- Task objective: In the records below, the line with "专用后备箱垫全包围装 比亚迪宋pro尾箱垫内饰改装 饰汽车用品" opens the range and the line with "氯化羟布托尼 ming font" closes it; print that range exactly and nothing else.

====== Source data

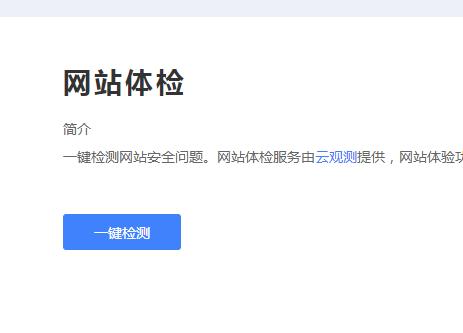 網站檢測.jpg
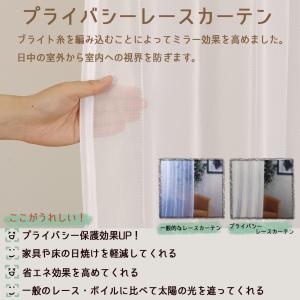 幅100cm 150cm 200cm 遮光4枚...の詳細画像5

============
====== Source data

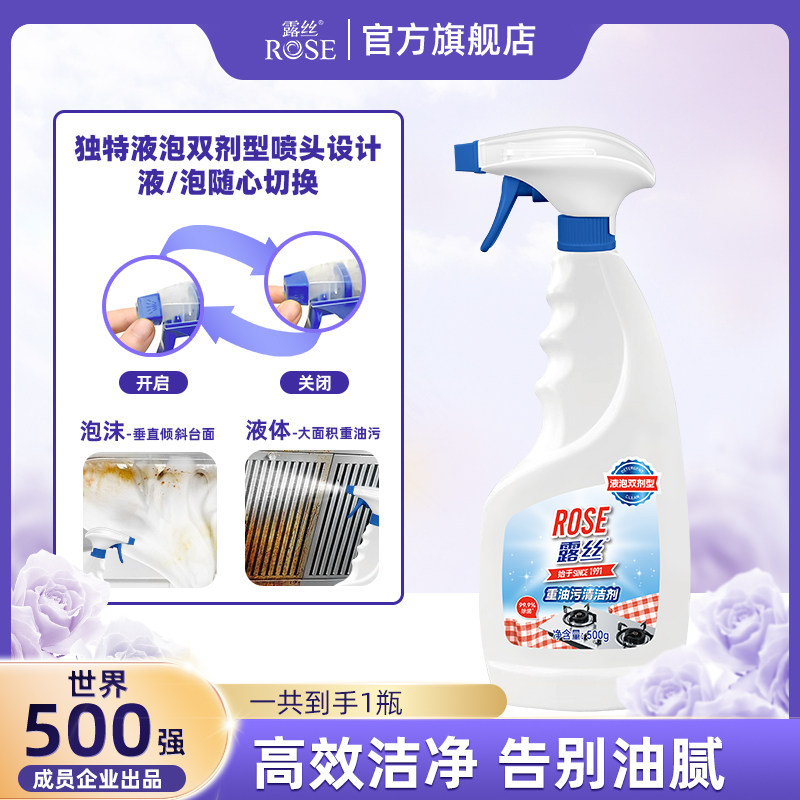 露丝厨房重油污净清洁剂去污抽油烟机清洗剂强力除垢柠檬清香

============
====== Source data

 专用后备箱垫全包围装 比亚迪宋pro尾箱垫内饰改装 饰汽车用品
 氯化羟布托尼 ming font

============

- Answer to this problem:
 专用后备箱垫全包围装 比亚迪宋pro尾箱垫内饰改装 饰汽车用品
 氯化羟布托尼 ming font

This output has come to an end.